The joint appearance here
was greeted with a news release from the Trump campaign highlighting the
“top five reasons Sanders supporters will never be excited about
Hillary Clinton.”
One of them was her past support for
international trade deals, which Sanders repeated criticised during the
primaries. Trump has tried to reach out fo Sanders supporters on that
issue, particularly those in the Rust Belt, where thousands of
manufacturing jobs have benn shed.
It remains to be seen how active Sanders will be on the campaign trail for Clinton — and how much he can do on her behalf.
A
Washington Post-ABC News poll released late last month showed that only
8 percent of Sanders supporters said they would back Trump over Clinton
in the general election, down from 20 percent a month earlier.
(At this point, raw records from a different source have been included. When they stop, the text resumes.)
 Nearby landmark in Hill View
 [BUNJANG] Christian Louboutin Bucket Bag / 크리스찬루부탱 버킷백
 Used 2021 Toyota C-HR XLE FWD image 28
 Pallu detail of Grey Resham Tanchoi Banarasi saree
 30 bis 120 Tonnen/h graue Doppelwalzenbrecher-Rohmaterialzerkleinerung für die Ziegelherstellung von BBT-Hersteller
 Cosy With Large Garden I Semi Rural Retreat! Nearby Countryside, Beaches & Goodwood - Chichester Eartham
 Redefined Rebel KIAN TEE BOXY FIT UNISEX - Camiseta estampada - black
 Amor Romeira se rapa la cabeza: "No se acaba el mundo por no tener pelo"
The
greater fear for Democrats is that Sanders voters might simply stay
home.
Aides to the two candidates have discussed sending Sanders
to states where he performed well in the primaries, including Michigan
and Wisconsin. New Hampshire also fits that category; Sanders defeated
Clinton here by 22 percentage points in the February primary.
Clinton
was scheduled to fly to New York after her rally with Sanders on
Tuesday for a special peformance of the hit musical “Hamilton,” which is
also doubling as a fundraiser for her campaign.
Clinton also
plans later this week with a potential running mate, Sen. Timothy M.
Kaine, D-Va. The two are scheduled to appear together Thursday afternoon
in Annandale. Virginia is among the eight battleground states that
Clinton is targeting with television advertising.